**Exercise**
Taking the line with "Trinity Zebra Eagle" as the first and the line with "Fotel KAPI drewno kauczuk biały" as the last, set down the lines below exactly, pictures excluded.

**Data for this task**
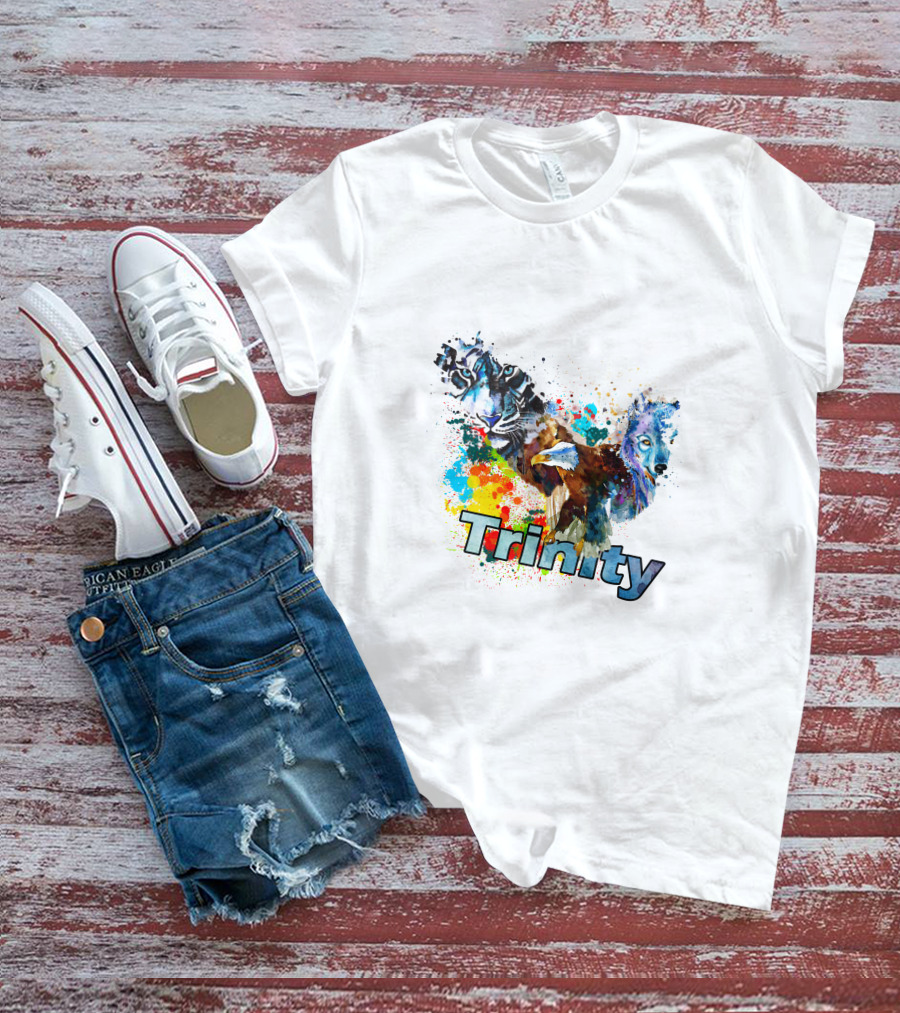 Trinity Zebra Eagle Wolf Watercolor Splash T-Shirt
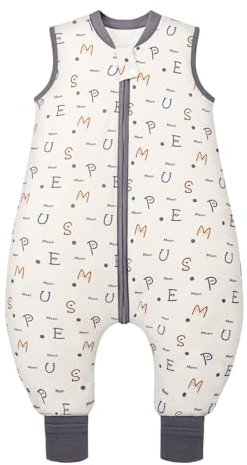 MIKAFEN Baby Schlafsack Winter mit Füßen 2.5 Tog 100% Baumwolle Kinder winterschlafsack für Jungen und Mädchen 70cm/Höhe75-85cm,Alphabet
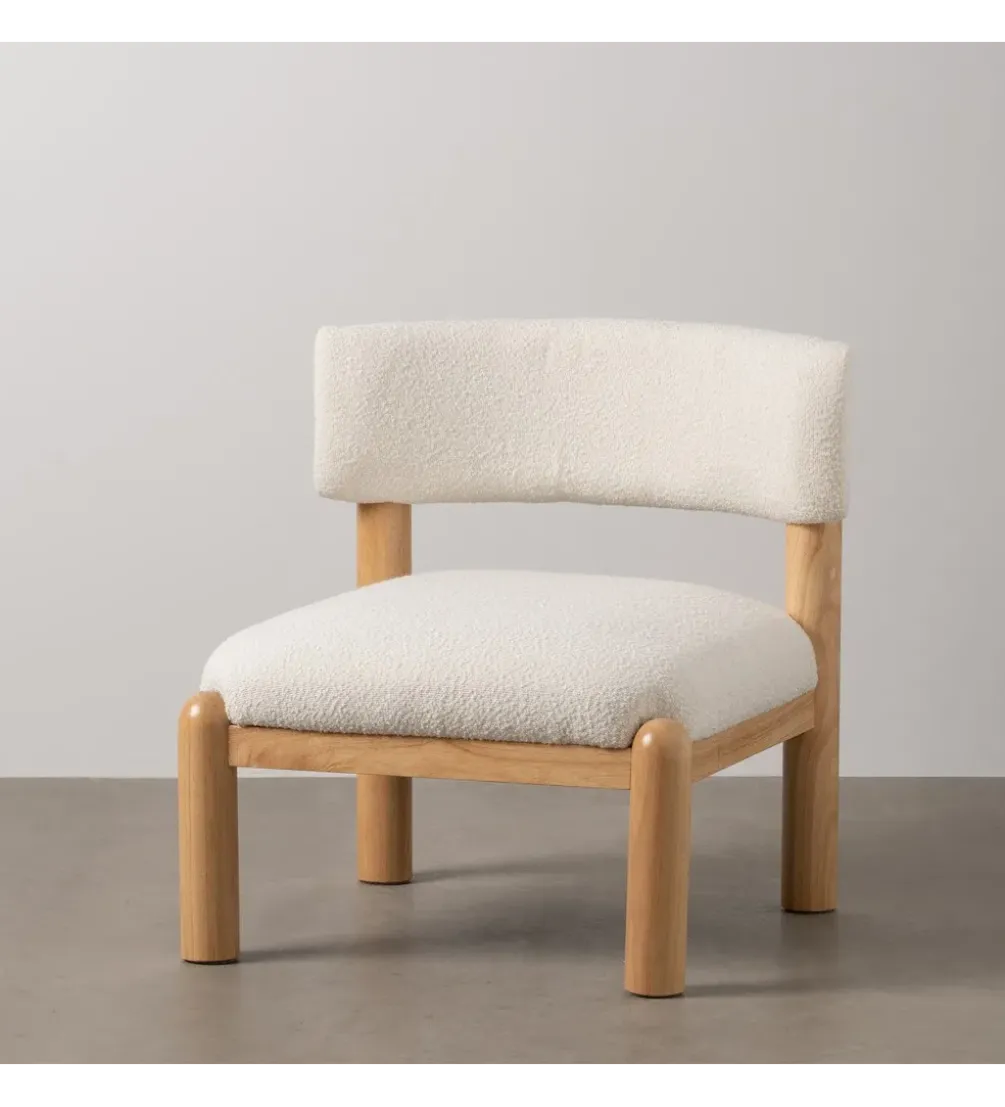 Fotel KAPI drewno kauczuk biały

* * *

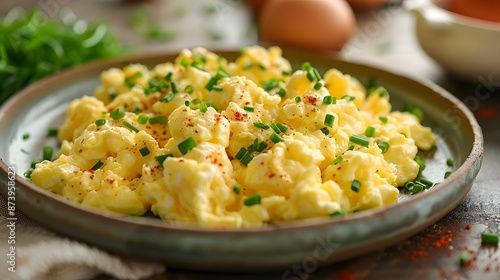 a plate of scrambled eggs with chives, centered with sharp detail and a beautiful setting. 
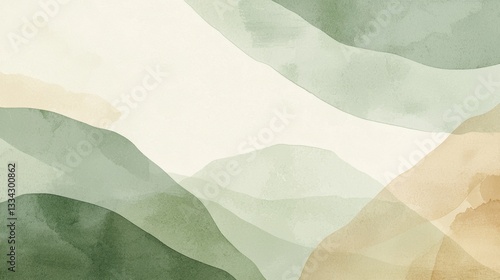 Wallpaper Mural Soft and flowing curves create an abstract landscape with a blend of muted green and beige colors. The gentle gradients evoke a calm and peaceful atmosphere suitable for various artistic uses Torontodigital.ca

**Task solution**
 Trinity Zebra Eagle Wolf Watercolor Splash T-Shirt
 MIKAFEN Baby Schlafsack Winter mit Füßen 2.5 Tog 100% Baumwolle Kinder winterschlafsack für Jungen und Mädchen 70cm/Höhe75-85cm,Alphabet
 Fotel KAPI drewno kauczuk biały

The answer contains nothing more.